L’IMU sugli immobili invenduti dovrebbe a nostro avviso esigere il doppio del valore, altro che esenzione ipotizzata, così da sanzionare lo spreco inutile del territorio e l’uso indiscriminato di cemento, spesso di pessima qualità.
Istituzione del reddito di Cittadinanza per tutti .
Con questi provvedimenti si rimetterebbe in moto la macchina Nazione con la creazione di migliaia di posti di lavoro.
Certo ci si chiede dove reperire tutti questi Euro.
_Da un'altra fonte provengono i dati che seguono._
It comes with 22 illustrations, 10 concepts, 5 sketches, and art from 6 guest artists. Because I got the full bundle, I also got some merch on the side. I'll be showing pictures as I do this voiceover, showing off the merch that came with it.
Ricordiamo che è stato valutato che la corruzione costa al nostro paese oltre 60 miliardi di euro l’anno. Ed altrettanti sono i costi di una macchina burocratica inefficiente e ridondante.
In primis:
Tassare le transazioni finanziarie per supportare in modo serio la Nazione.
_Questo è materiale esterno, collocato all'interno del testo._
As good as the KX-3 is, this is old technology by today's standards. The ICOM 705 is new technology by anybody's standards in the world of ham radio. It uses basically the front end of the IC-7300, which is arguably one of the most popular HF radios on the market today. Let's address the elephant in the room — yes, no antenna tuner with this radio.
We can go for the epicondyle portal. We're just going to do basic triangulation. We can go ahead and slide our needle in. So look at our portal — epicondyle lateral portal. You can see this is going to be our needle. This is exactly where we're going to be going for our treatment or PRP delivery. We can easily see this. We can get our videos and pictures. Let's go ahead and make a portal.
0) Riduzione del numero dei Parlamentari, con relativa umanizzazione degli stipendi, di Politici e Dirigenti Aziendali facendoli rientrare nella media Europea.
I) Dimezzamento dell’otto per mille alla Chiesa cattolica, quindi da 4miliardi di Euro passare a 2miliardi di Euro.
II) Introdurre una tassa patrimoniale sopra il milione di Euro.
III) Mettere un tetto alle pensioni pari a 5.000,00 Euro.
IV) Eliminare secondi e terzi incarichi, eliminare bende e prebende,eliminazione dei politici da incarichi in enti Statali o Partecipati; abolizione delle province.
V) Abolizione della prescrizione dei reati, quali quelli per Mafia – Corruzione – Concussione – reati Ambientali – Falso in Bilancio – terrorismo; con conseguente annullamento delle prescrizioni, degli ultimi venti anni, con relativo sequestro dei beni, così come ai Mafiosi.
Ecco dove prendere capitali per riavviare il paese!
Ora si tratta solo di decidere se vogliamo veramente costruire questo futuro e stabilire il come e il quando.